One of my daily pleasures is reading the discussion posts in the Yahoo Group for the
Editorial Freelancers Association. Aside from the usual technical questions, there are often posts labeled “Chat” that relate somewhat more remotely to editing or freelancing, though they usually have something to do with words or writing.
Recently someone posted a “Chat” about an author’s fight with the New York Times about including the word “bitchassness” in an article. Evidently the Times, though they have allowed “bitch” and “ass” many times before, are balking this time. The word is being included in reference to Sean “Diddy” Combs’s numerous YouTube blogs, one of which includes this word in its title.
The original poster simply thought it was funny to what lengths this author had gone to argue his point with the newspaper. But others were not so amused and said that the word offended them and was hate speech. This has led to a lively little conversation about free speech, censorship, figurative meanings, and cultural mores.
We have roughly two camps: those who think that the word should be allowed because 1) it’s not that offensive, or 2) it’s being used as a quotation and not directly describing someone; and those who think it’s offensive hate speech that is derogatory to women.
If Mr. Combs uses this term solely for women, then perhaps there would be a stronger case for it being derogatory. But I watched the offending blog post, and the term seems to be used in a general sense. Interestingly, he uses the “N word” several times and a variant of it appears in text at the end of the post — but nobody has mentioned that being a problem!
Some people in the EFA discussion argued that there are plenty of words that have had more negative and even salacious connotations or meanings in the past but are commonly used today: “jerk” and “suck” were two examples. But then others responded that just because some words have passed into common usage doesn’t mean others should follow.
On a related note, I’ve been following the case FCC v. Fox Television Stations currently under consideration in the Supreme Court, mostly through rather hilarious posts on Language Log. If you don’t want to read lots and lots of swear words, don’t click those last three links!

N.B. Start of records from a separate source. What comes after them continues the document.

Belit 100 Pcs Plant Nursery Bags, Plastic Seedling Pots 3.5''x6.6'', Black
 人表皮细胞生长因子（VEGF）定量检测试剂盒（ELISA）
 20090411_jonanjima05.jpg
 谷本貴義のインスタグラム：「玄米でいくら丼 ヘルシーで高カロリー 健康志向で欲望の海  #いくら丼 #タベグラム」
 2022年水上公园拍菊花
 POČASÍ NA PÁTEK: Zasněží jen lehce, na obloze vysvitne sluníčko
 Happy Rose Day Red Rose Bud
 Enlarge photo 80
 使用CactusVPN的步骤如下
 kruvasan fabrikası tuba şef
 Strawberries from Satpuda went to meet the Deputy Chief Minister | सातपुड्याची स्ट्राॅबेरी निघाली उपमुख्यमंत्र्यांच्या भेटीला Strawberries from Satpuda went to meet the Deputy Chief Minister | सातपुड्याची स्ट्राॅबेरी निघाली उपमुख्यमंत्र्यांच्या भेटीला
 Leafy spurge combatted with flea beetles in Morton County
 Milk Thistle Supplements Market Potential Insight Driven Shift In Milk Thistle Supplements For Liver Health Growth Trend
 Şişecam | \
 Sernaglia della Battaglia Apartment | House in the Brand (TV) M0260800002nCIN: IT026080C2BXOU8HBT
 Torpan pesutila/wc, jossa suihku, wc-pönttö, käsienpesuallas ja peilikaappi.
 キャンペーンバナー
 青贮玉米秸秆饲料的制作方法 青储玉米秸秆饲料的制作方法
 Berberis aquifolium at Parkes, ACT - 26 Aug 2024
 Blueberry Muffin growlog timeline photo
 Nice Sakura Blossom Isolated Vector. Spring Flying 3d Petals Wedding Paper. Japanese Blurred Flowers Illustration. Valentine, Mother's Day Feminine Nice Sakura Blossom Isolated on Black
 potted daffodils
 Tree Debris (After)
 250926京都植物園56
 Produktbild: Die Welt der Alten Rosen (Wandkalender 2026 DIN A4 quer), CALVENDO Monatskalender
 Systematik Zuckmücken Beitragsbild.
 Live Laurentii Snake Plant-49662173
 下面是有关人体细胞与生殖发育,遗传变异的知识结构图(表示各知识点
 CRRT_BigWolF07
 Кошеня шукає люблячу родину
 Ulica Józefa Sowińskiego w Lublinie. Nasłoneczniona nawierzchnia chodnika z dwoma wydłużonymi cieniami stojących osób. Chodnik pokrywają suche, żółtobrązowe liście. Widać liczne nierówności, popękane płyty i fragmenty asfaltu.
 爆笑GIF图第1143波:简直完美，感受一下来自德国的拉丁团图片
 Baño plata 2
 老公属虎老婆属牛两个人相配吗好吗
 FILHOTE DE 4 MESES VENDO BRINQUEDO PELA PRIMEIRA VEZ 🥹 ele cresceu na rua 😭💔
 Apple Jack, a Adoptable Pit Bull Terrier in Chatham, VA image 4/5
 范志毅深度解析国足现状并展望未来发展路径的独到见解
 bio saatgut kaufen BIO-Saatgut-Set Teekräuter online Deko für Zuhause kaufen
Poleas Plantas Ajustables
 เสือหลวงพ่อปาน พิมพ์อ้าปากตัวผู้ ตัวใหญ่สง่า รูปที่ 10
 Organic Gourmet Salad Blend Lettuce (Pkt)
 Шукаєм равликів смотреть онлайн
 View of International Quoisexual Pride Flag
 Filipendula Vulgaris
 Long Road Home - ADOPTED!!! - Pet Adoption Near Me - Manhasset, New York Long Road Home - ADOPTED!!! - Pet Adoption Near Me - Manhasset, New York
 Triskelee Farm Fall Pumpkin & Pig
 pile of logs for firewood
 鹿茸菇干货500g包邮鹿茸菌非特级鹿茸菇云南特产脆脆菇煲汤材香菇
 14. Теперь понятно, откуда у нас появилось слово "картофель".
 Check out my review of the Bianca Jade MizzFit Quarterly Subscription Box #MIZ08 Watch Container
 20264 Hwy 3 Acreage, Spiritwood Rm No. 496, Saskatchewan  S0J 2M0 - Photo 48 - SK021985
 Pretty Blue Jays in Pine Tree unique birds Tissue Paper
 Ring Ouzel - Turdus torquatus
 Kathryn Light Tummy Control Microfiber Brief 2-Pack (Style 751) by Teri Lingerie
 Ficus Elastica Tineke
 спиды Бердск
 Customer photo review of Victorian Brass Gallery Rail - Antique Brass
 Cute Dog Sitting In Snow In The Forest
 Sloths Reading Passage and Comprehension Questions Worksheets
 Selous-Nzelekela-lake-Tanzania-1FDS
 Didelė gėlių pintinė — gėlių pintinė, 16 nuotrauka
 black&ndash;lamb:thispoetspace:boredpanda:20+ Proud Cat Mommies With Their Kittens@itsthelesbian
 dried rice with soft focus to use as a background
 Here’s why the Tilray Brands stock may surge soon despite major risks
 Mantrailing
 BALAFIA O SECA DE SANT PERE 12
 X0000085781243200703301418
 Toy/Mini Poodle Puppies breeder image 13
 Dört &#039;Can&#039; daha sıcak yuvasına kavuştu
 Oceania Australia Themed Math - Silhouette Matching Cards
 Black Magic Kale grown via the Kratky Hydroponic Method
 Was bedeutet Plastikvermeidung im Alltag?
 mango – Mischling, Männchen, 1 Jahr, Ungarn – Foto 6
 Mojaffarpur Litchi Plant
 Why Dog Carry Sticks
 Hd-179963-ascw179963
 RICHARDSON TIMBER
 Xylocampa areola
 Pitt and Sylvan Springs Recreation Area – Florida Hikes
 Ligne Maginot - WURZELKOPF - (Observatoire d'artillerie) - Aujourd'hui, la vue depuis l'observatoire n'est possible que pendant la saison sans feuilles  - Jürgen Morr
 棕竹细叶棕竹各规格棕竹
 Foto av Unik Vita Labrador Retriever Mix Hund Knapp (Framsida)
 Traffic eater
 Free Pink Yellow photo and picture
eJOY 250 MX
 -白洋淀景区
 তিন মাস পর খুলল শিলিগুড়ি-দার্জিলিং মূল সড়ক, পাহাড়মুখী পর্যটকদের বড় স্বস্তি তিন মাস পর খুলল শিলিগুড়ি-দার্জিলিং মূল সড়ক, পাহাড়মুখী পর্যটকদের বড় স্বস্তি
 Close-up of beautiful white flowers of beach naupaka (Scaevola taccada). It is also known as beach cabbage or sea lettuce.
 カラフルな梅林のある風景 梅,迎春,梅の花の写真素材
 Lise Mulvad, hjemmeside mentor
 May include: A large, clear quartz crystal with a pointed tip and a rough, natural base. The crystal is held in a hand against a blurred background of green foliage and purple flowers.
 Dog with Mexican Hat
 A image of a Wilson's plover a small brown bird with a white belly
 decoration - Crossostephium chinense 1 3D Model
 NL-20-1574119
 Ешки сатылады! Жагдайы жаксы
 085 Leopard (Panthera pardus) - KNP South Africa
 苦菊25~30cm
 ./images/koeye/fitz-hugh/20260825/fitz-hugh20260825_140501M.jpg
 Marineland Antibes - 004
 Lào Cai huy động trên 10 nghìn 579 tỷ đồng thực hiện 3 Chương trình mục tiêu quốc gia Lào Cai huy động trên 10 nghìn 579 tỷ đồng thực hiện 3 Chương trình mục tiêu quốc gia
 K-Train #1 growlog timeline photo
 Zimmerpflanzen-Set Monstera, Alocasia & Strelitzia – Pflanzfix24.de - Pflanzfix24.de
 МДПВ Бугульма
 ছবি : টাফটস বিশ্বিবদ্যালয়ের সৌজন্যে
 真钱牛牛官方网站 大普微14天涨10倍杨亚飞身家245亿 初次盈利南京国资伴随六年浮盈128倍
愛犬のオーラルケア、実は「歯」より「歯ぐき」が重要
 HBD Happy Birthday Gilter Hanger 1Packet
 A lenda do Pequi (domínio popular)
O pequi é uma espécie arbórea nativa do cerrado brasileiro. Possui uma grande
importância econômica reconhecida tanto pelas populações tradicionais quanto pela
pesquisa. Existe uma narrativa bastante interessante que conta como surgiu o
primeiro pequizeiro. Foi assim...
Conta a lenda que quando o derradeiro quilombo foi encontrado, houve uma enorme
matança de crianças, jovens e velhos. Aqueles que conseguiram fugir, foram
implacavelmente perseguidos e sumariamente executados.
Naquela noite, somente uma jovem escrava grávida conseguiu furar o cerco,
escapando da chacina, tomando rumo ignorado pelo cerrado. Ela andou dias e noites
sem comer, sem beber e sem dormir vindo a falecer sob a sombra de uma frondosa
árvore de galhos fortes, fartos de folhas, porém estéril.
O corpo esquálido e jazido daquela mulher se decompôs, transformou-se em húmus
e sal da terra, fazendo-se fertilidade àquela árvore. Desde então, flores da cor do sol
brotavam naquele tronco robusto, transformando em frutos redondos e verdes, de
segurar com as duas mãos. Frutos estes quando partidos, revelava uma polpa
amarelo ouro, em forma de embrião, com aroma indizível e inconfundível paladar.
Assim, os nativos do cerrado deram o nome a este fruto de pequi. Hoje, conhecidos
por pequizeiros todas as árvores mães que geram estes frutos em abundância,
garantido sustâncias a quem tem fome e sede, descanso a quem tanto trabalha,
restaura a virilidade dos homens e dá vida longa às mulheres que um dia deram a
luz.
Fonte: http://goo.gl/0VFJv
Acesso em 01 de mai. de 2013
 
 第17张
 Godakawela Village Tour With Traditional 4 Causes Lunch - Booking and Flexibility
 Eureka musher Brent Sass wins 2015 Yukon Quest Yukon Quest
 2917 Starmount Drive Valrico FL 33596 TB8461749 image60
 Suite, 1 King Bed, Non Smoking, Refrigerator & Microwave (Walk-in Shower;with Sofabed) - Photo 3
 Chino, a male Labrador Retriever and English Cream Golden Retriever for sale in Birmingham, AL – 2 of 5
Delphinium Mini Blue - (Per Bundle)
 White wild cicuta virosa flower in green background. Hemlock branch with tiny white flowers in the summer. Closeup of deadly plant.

Here the question is all about the “F word” whether the FCC is applying its rules consistently to fine broadcasters who neglect to edit out obscenities, even if fleeting. But I have to smile at linguists using rather complex semantic analyses, including graphs, to decide whether certain words are used as intensifiers (“effing brilliant!”) or as actual references to obscene acts. And for really funny stuff, read the comments.